Sklep Neo-net.net to jedna z najdziwniejszych historii, jakie opisywaliśmy w ostatnim czasie. Zwrotów akcji było sporo, ale sklep wciąż działał. Aż do teraz. Strona już nie funkcjonuje, a czytelnik informuje nas, że dostał zwrot pieniędzy za dokonane tam zakupy. To koniec Neo-net.net?
Niekończące się kontrowersje wokół Neo-net.net
Internetowy sklep (czy raczej „sklep”) pojawił się nagle i bez wsparcia promocyjnego wzbudzał zainteresowanie już przez swoją nazwę – ta brzmiała dziwnie podobnie do Neonet – znanego sprzedawcy RTV i AGD. Sklep miał od początku bardzo niskie, wręcz nierynkowe ceny. Sklep też chciał, aby wysyłać pieniądze za produkty na konto spółki, która w świetle regulaminu sklepu Neo-net.net tylko „współpracowała” ze sklepem. To było dziwne. Potem zrobiło się jeszcze dziwniej.
Napisał do nas bowiem człowiek, który dostawał przelewy ze sklepu Neo-net.net za sprzedane towary. Problem w tym, że nigdy niczego tam nie sprzedawał. Czytelnik prowadził działalność gospodarczą i zauważył, że… to jego numer konta widnieje też na stronie Neo-net.net – tam, gdzie się składa zamówienia.
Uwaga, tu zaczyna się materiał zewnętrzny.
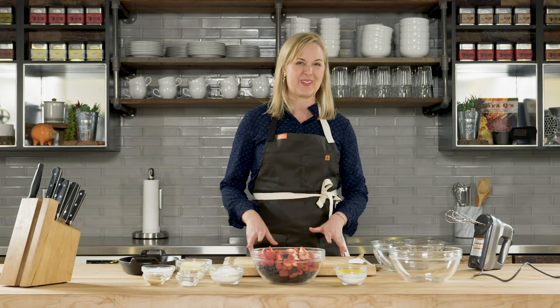Hi, I'm Amanda Haas and today I'm going to show you how to make one of my favorite desserts. It's a mixed berry fruit cobbler and it tastes that much better when you put it on the Traeger.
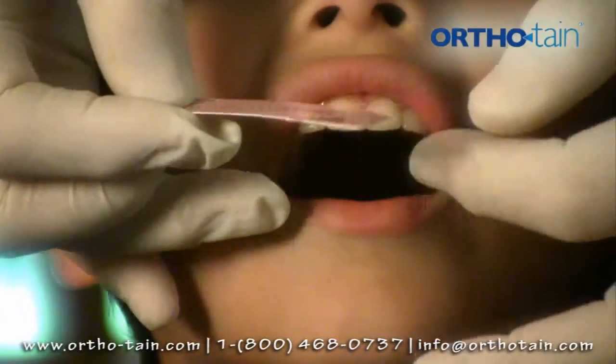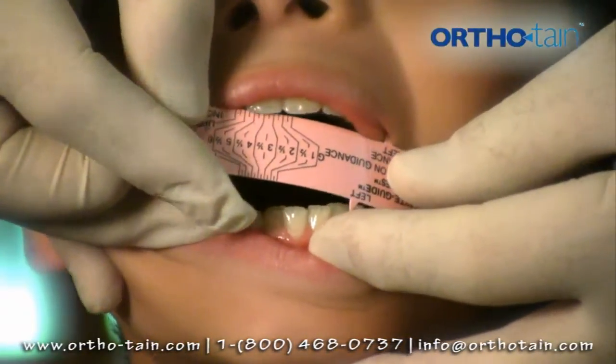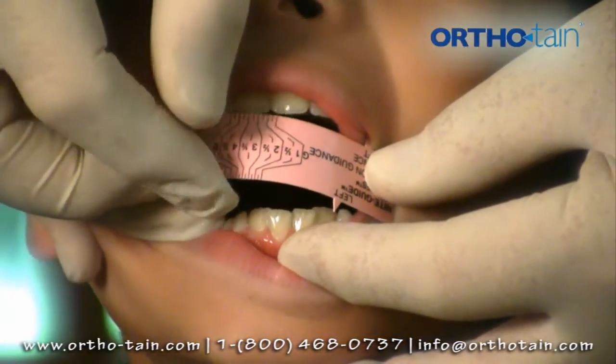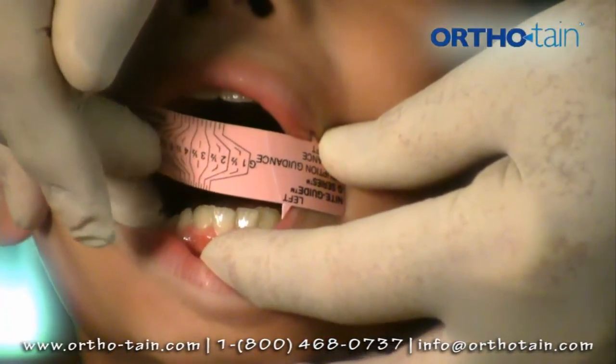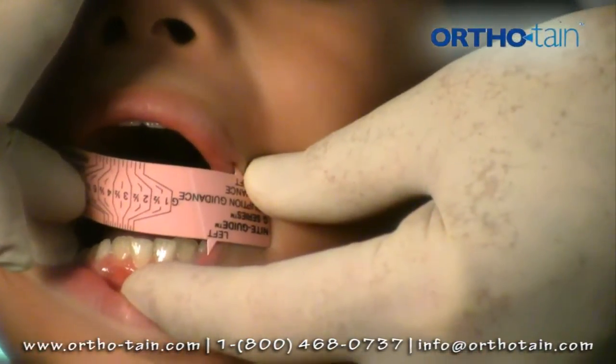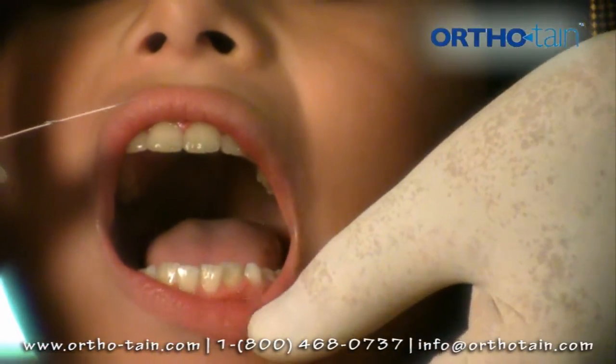We can also measure the lower teeth the same way by putting the pointer on the left lower lateral incisor and running it along the incisal edges to the other side. We get a slightly smaller measurement because he has some crowding, but a five and a half would fit both.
Czytelnik odzyskuje pieniądze
Kontaktowały się z nami osoby, które zdecydowały się na zakup w sklepie, zanim zorientowały się, że jest coś z nim nie tak (można się było łatwo nabrać – strona była całkiem profesjonalna). Dziś napisał do mnie szczęśliwy czytelnik. Pisze, że udało mu się odzyskać pieniądze za rzeczy z Neo-net.net, które oczywiście nigdy do niego nie trafiły.
Jeśli się pan jeszcze interesuje tą sprawą, to właśnie odebrałem zwrot pieniędzy na poczcie z Bytomia przyszedł z adnotacja banku „rachunek zamknięty” – napisał czytelnik.
Interesujący rozwój sprawy, który oczywiście zachęcił mnie, aby zobaczyć, co się dzieje na samej stronie. Ciągle są promocję? Ciągle ceny o połowę niższe niż u konkurencji? I tu kolejne zaskoczenie – serwis nie działa. To koniec Neo-net.net?
Oczywiście tego stwierdzić nie możemy. Inna sprawa, że aby ogłosić czegoś koniec, to musiałoby to wcześniej jakoś funkcjonować. A nie jest jasne, czym w ogóle był Neo-net.net. Nie miał swoich kont, nie wiadomo czy sprzedawał jakieś produkty, nie wiadomo nawet, do kogo należał. Sklep miał natomiast podany numer telefonu – to miała być infolinia Neo-net.net. Próbowałem się tam wielokrotnie dodzwonić – oczywiście za każdym razem bezskutecznie.
Koniec Neo-net.net?
Mamy nadzieję, że zwroty pieniędzy i to, że sklep nie działa to wydarzenia, które się ze sobą łączą. Oczywiście może się okazać, że sklep za kilka dni znowu zacznie działać i znowu jakiś przypadkowy przedsiębiorca będzie dostawał przelewy za sprzedane tam towary. Miejmy nadzieję jednak, że to już naprawdę koniec Neo-net.net. Przy tym ciągle zachodzimy w głowę, co to był za dziwny byt i o co w tym wszystkim w ogóle chodziło. Póki co cała historia przypomina trochę parodię serialu „Black Mirror” w nadwiślańskim stylu.